───── RECORDS TO PROCESS

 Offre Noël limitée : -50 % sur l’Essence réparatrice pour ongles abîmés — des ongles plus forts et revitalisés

──────────
───── RECORDS TO PROCESS

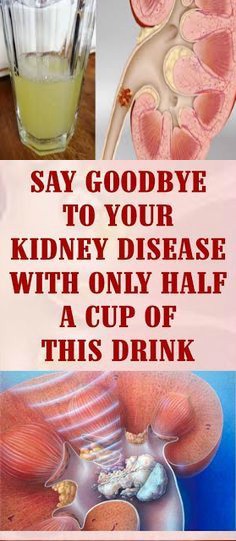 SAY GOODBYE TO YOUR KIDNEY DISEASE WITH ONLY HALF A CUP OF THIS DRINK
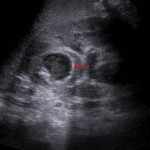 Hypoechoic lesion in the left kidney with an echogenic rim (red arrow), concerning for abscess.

──────────

*TASK TO CARRY OUT*:
Give back exactly, and solely, the section of the data above bounded by the line containing "SAY GOODBYE TO" and the line containing "Hypoechoic lesion in", both bounding lines included and pictures omitted.

*SOLUTION TO THIS TASK*:
 SAY GOODBYE TO YOUR KIDNEY DISEASE WITH ONLY HALF A CUP OF THIS DRINK
 Hypoechoic lesion in the left kidney with an echogenic rim (red arrow), concerning for abscess.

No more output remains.